The NSW Aboriginal Land Council has urged all key stakeholders to expedite their investigations and actions to address asbestos contamination within the South Coast Aboriginal community of Wallaga Lakes.

"It is clearly a health issue of considerable concern which needs immediate action," said NSWALC's Chairperson, Bev Manton.

Ms Manton said that reports of dangerously-high levels of asbestos found scattered around the community on front lawns, underneath a community building and in the local tip is unacceptable.

"I urge all parties, State or Federal, local or community-based to work together to find an urgent solution."

"There's talk about closing the gap and here's a perfect example for Governments to take some immediate action and save lives," she said.

Ms Manton said that representatives from the State Department of Environment and Climate Change (DECC) and the NSW Department of Health visited the community yesterday.

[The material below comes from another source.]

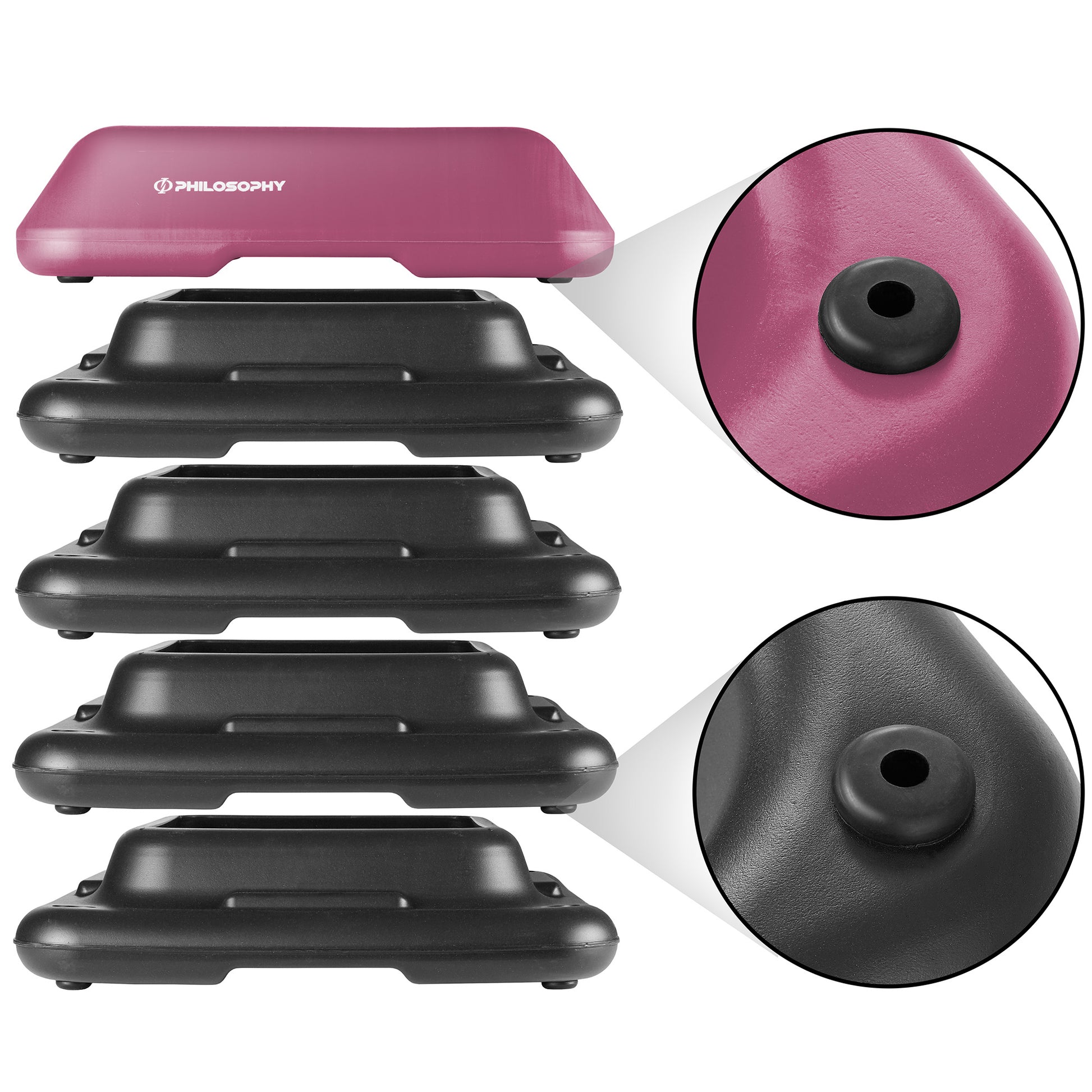 Aerobic Exercise Adjustable High Step Platform, 4 Risers Included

"I understand that they've taken samples of the asbestos for further analysis and will also look at having an environmental hygienist at the community early next week to conduct comprehensive assessment."

Ms Manton said that NSWALC raised the issue of asbestos contamination in Wallaga Lakes as a matter of urgency with the NSW's Minister for Aboriginal Affairs Paul Lynch during a Council meeting in Sydney late yesterday.

"To see and hear of people - especially children - living in this level of contamination on a daily basis is disturbing," she told Minister Lynch.

NSWALC's Councillor for the South Coast Region, Jack Hampton, said that he has visited the community last week and met with the Merrimans Local Aboriginal Land Council to assess first hand the extent of the contamination.

"I am shocked by the levels of contamination which has some experts indicating that it's the most serious situation they've ever seen in any community."

Cr Hampton said that the asbestos pits scattered across the community could have been the result of the way the houses were demolished and rebuilt in the 1990s.

"Clearly, it is long overdue for resolution." he concluded.